*** Records to process ***

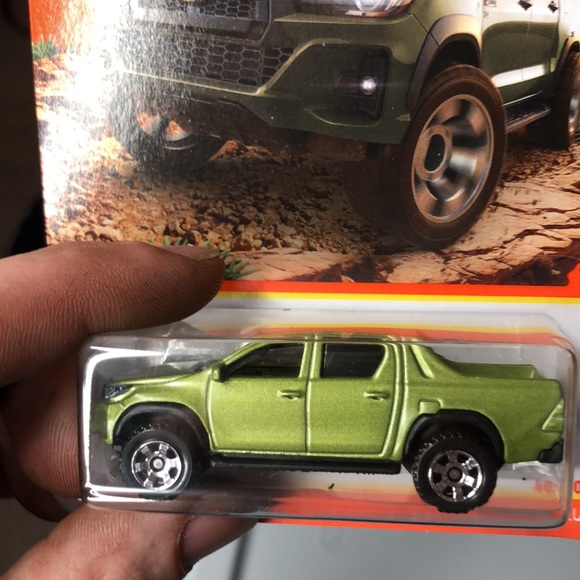 2018 Toyota Hilux - Picture 3 of 8
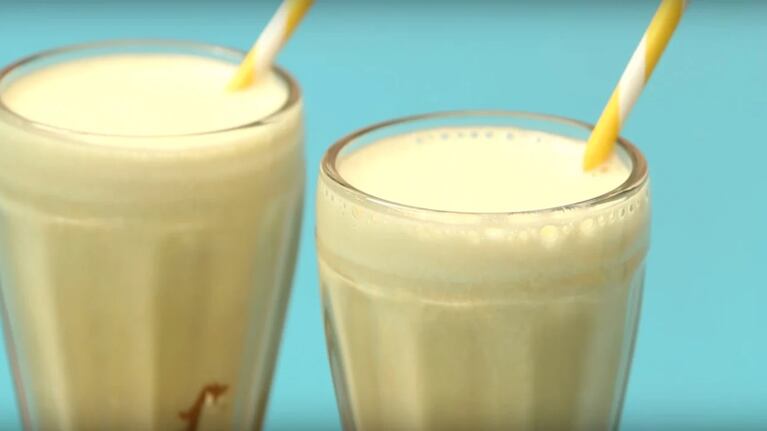 Licuado de banana y dulce de leche: la receta para refrescar tus meriendas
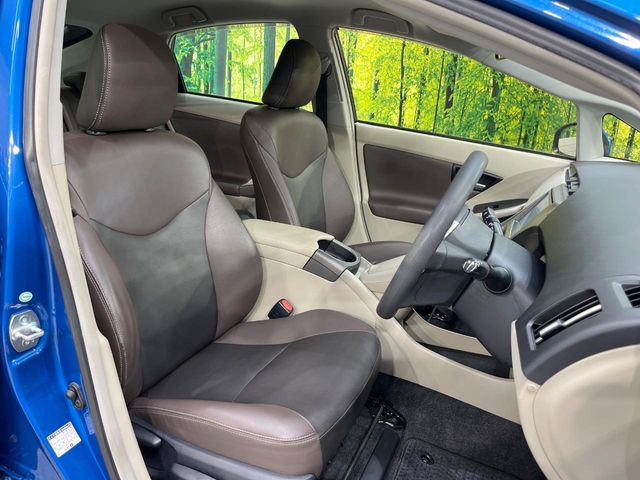 運転席シート廻りは使用感も少なく、良好な状態となっています。前オーナー様が丁寧に使っていたことがよくわかりますね。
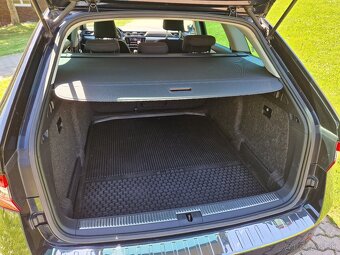 Škoda Superb Combi 2.0 TDI SCR 110KW DSG - 10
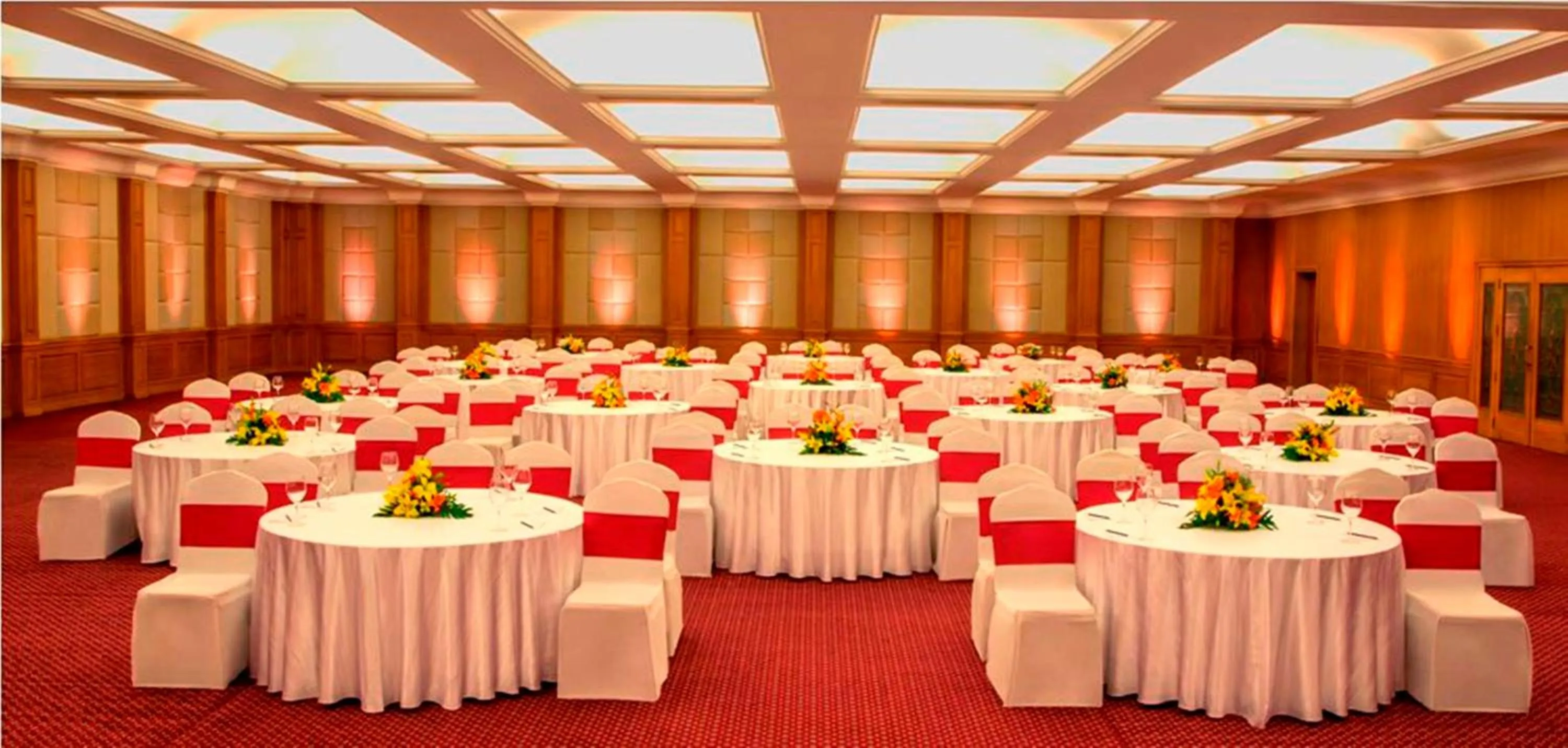 Banquet/Function facilities in Radisson Blu Kochi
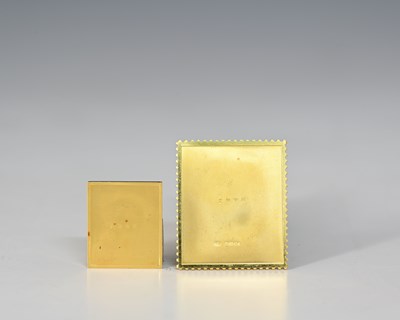 Lot 107 - A 22-carat gold £1 Machin stamp ingot, and...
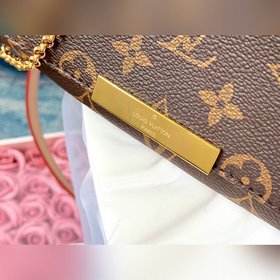 LV Старая сумка через плечо Размеры： 22,0 x 13,0 x 4,0 см (Длина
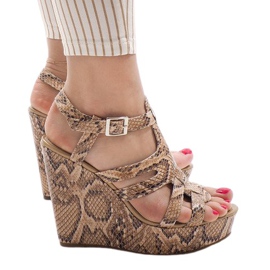 Sandálias de cunha camelo A-7A marrom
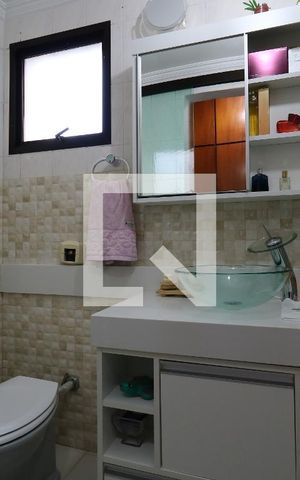 Apartamento à venda com 107m², 3 quartos e 2 vagasBanheiro da Suíte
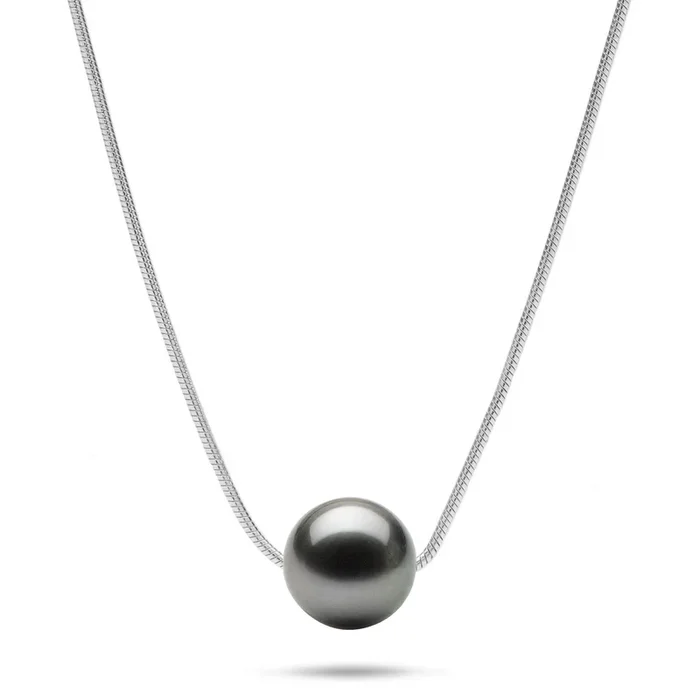 18″ Tahitian Black Pearl Necklace in Sterling Silver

*** End of Records to process ***

Aim of the exercise =
Return the lines from the one that contains "Škoda Superb Combi" through the final line of the listing above, inclusive. Transcribe them exactly and drop the pictures.

Reply to the exercise =
 Škoda Superb Combi 2.0 TDI SCR 110KW DSG - 10
 Banquet/Function facilities in Radisson Blu Kochi
 Lot 107 - A 22-carat gold £1 Machin stamp ingot, and...
 LV Старая сумка через плечо Размеры： 22,0 x 13,0 x 4,0 см (Длина
 Sandálias de cunha camelo A-7A marrom
 Apartamento à venda com 107m², 3 quartos e 2 vagasBanheiro da Suíte
 18″ Tahitian Black Pearl Necklace in Sterling Silver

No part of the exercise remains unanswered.